PC investigates manipulation of results in 40 investigations. Scheme carried out by international criminal networks pays players for seemingly harmless acts during a match, such as corners. More specific bets are placed on foreign and illegal platforms.
An investigation conducted by the Judiciary Police (PJ) currently has 40 investigations underway, investigating the result manipulation in Portuguese football.
The phenomenon is often driven by international criminal networks, which offer players from the three main national leagues bribes of more than 7,500 euros per game to influence results, according to this Sunday.
The aim is to benefit bettors in fraudulent schemes, especially through regulated and illegal betting markets.
How the scheme works
The players recruited are, most of the time, poorly paid professionals or those with unpaid wages. Fraudulent actions can include seemingly harmless gestures, such as causing a corner early in the game, committing fouls to receive yellow cards or scoring own goals. These plays, planned in advance, allow significant profits through betting on specific events.

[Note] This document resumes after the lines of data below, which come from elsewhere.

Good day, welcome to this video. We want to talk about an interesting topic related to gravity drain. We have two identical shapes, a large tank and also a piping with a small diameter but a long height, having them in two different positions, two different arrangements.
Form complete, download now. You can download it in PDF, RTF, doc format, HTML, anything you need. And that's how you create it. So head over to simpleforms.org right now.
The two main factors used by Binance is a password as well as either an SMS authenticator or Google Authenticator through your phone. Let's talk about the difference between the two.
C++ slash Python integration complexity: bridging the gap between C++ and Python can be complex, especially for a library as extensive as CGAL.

According to Luís Ribeiro, coordinator of the PJ’s National Anti-Corruption Unit, corruptors recruit intermediaries to convince athletes, who “given the salary they earn consider that the risk is low: the player “creates in his own head the idea that the Devaluation is also not relevant, because in reality it is not harming the team”, he explains.
Often these intermediaries are former players who played in leagues more associated with corruption and who establish a bridge between criminal networks and Portuguese football. They minimize the seriousness of the scheme to the players, arguing that the actions do not necessarily harm their teams.

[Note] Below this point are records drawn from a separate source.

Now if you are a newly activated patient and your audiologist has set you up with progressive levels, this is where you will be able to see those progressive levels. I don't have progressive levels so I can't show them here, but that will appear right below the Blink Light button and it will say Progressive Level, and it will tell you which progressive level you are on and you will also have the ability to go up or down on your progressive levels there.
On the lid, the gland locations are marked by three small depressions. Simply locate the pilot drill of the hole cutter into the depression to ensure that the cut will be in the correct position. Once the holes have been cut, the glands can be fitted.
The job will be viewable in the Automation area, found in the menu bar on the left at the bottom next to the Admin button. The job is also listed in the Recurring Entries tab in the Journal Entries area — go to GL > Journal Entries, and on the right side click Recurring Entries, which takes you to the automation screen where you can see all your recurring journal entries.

Although the Portuguese betting market is restricted to professional competitions, foreign and illegal platforms they allow speculation about lower divisions and even less regulated sports.
PJ’s response
To face this threat, the PJ created a team specializing in the fight against the manipulation of sports results. The investigations are based on complaints, in addition to alerts issued by lottery outlets that identify abnormal volumes of activity.
Coordinator Luís Ribeiro explains that the focus is on practices such as manipulation of the number of goalsone of the categories most exploited by criminals. The strategy includes monitoring suspicious movements and tracking those responsible.